Chef Donald Lemperle
As healthy dining choices continue to gain steam, Las Vegas has a strong option at VegeNation, led by Chef Donald Lemperle.
Chef Lemperle grew up in a restaurant owned by his parents and worked in his native NYC for years, at restaurants like Le Bernardin, The Quilted Giraffe and The Sign of the Dove. Prior to his move west, he was executive chef at Park Avalon Restaurant and The James Hotel. Then he made his way to Scottsdale, Arizona, before his final stop in Las Vegas.
Now he aims to prove eating a plant-based diet can be as satisfying as one with meat.
I know you grew up around a restaurant. How did you know it’d be your career?
My folks owned a small restaurant on Staten Island and I loved that, but my mom discouraged me. She said the only people who work as chefs are alcoholics and crazies. But I love the fast pace and camaraderie, the creativity and the ability to get results immediately.

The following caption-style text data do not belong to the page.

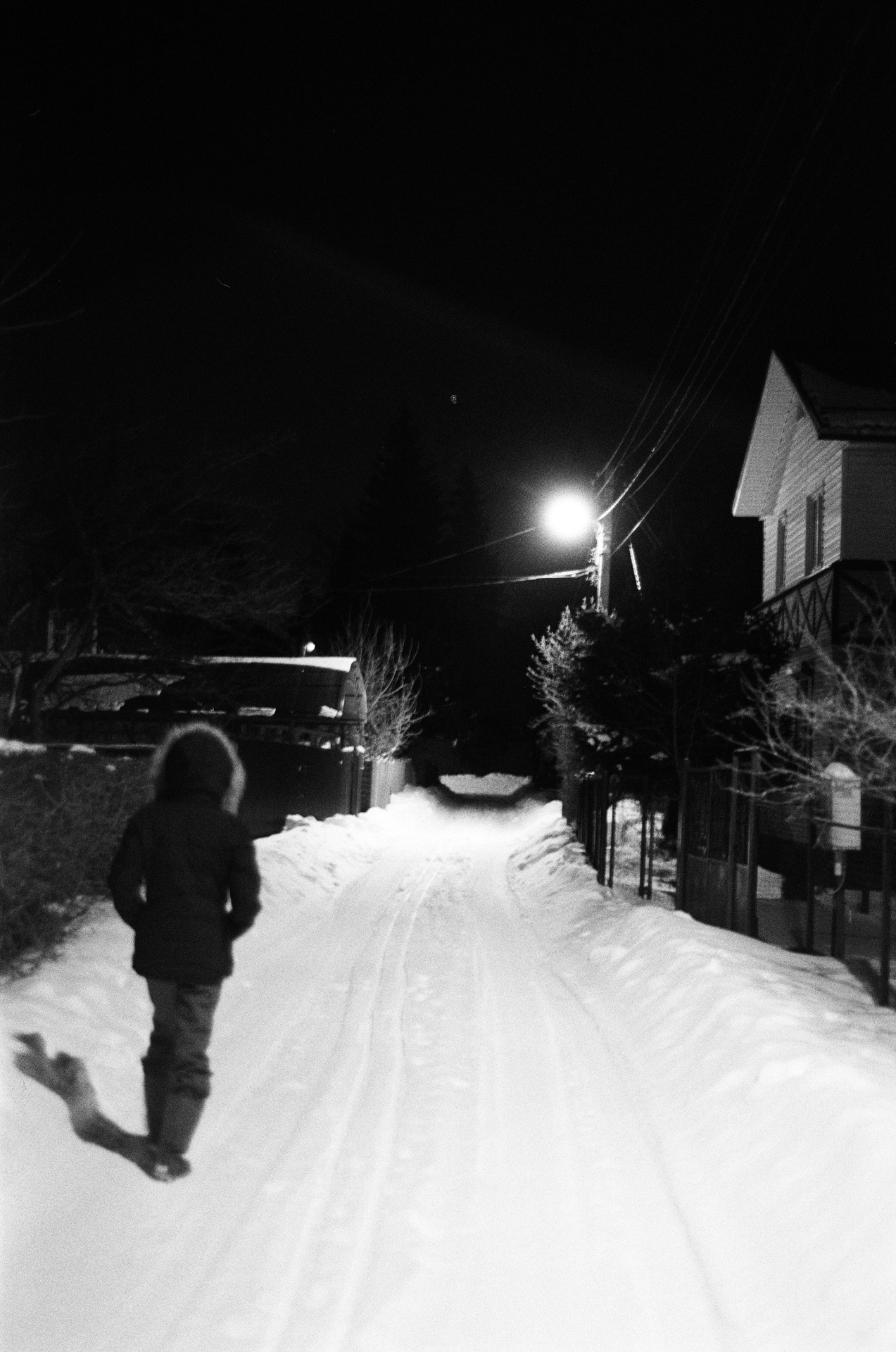 Nikon F100 — Nikon 50 1.8D / SFL Т-25 ISO 125 BW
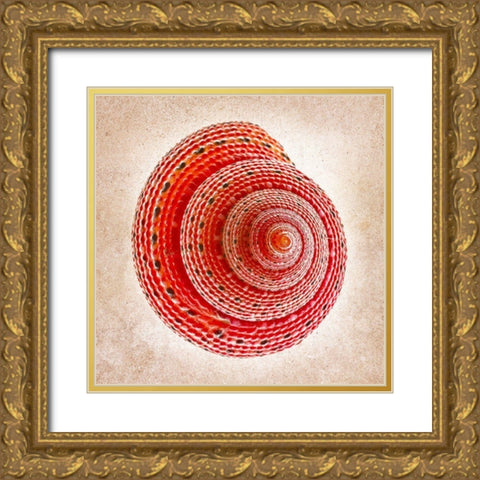 Clanculus Puniceus Gold Ornate Wood Framed Art Print with Double Matting by Reynolds, Richard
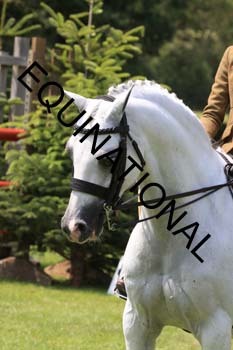 OFF-3538
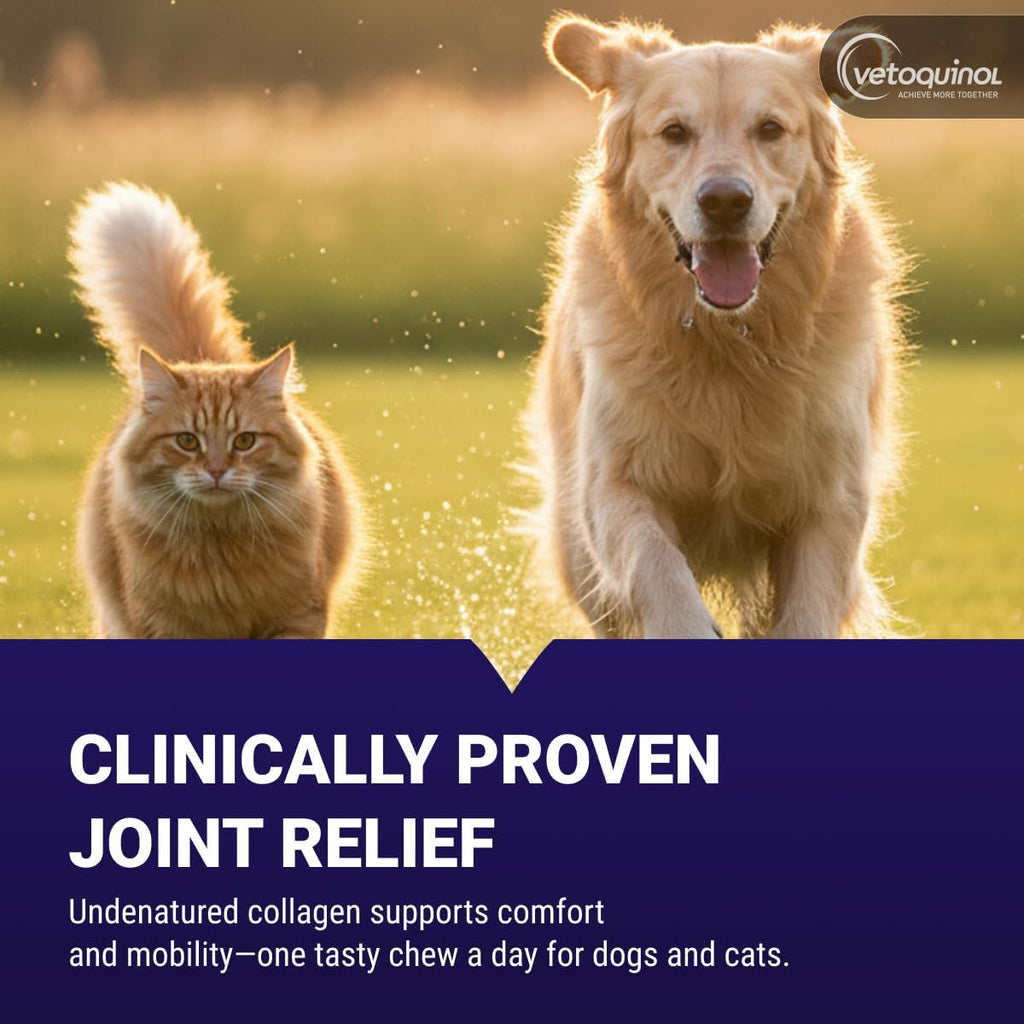 Vetoquinol Flexadin Advanced Hip and Joint Supplement with Undenatured Collagen for Dogs, One Chew a Day Hip and Joint Support Chew for Dogs and Cats, Clinically Proven Vet-Approved Formula, 60 Chews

When it was time in high school to make a career choice, they discouraged me, but I helped out a lot at the restaurant and it really gave me a work ethic and taught me discipline.
If you go to culinary school, you do one dish and move on. This was repetitive and real life.
How long were you in New York?
I was in the New York area most of my life, and went to work at some of the best restaurants, three and four star New York Times reviewed restaurants. I was able to learn quite a bit.
How’d you end up in Las Vegas?
I was working for a restaurant in NYC; it was after 9/11 and I wanted to make a change. My kids were in junior high and I wanted them to see another part of the country and there was an opportunity with the company I was with. They opened a restaurant in Scottsdale, Arizona and I worked there a few years, but when the recession hit, the hotel I was working at went bankrupt, but they had a joint venture in Las Vegas and that’s how I got here. I ended up here by accident, not planned. That was 2010, and I’ve been in Vegas since.
At what point did you know you wanted to open a place of your own?
When I came to Vegas, I was looking to do something, and initially wanted to do it in Arizona, too. Mario Batali had a farmers market on Dean Martin, and it was only on Thursday afternoons. I told my wife there’s a bigger opportunity for people looking for a healthy model.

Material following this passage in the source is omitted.